Ein spanisches Feuerwerk per excellence zeigte die spanische Gruppe – da ging die Post ab nach einer Carmen-Adaption und originellen Band-Verwicklungen, die man so bisher kaum gesehen hat. Eine Publikumsübung! Mit Bällen und Reifen wirken sie etwas angespannter und hektischer; nichtsdestotrotz eine rasante, gehaltvolle Übung, mit schönen Effekten und großem Schwierigkeitsgehalt.
Italien:
Sie waren Vierte der WM 2003, sind aber in der olympischen Saison auf jeden Fall für eine Medaille gut: Bei den Pre-Olympics verfehlten sie Silber denkbar knapp.
In blendender Verfassung zeigten sich die Schützlinge von Emanuela Maccarani auf der Duisburger Bühne – die Bandübung ging ohne Fehler über dieselbe, mit dem schwierigen Mittelteil, und der in die Bänder „eingewickelten“ Gymnastin. Diese Gruppe ist fest entschlossen, sich in Kürze olympisches Edelmetall zu holen!

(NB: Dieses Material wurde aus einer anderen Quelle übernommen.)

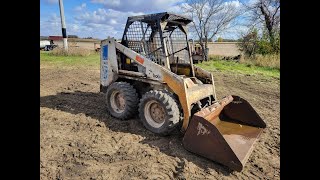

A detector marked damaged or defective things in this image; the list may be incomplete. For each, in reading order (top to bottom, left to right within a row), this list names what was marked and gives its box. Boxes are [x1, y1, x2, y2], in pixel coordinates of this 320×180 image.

rusty metal surface [181, 95, 266, 172]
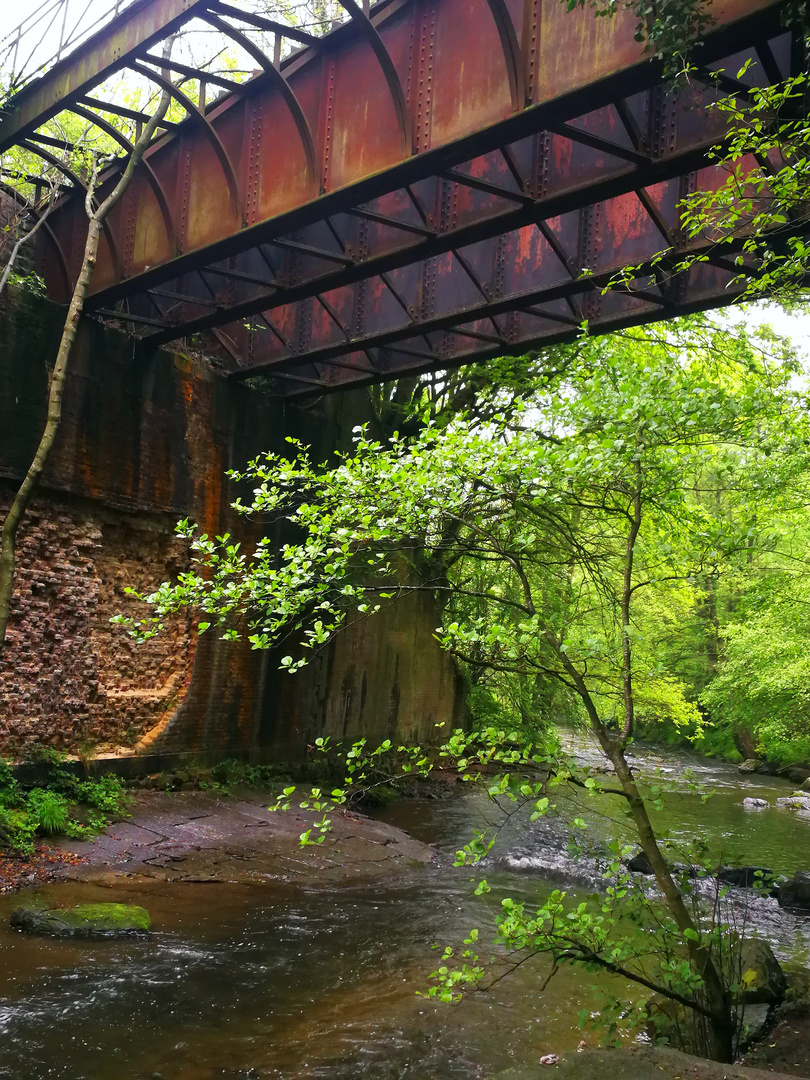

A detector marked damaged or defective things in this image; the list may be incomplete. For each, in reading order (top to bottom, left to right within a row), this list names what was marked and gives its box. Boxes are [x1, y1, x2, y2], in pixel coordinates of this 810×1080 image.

Und dann kam die Übung, auf die sich seit über einem Jahr alle freuen, wenn Italien an den Start geht: Diese Choreographie mit zwei Bällen und drei Reifen ist eine der genialsten und spektakulärsten der letzten Jahre überhaupt, und die fünf Gymnastinnen zeigten sie mit Verve und ohne Fehl und Tadel. Da freut man sich auf die Wiederholung im morgigen Finale und ist gespannt, was diese perfekte Show der Italienerinnen dann bei den Olympischen Spielen wert sein wird.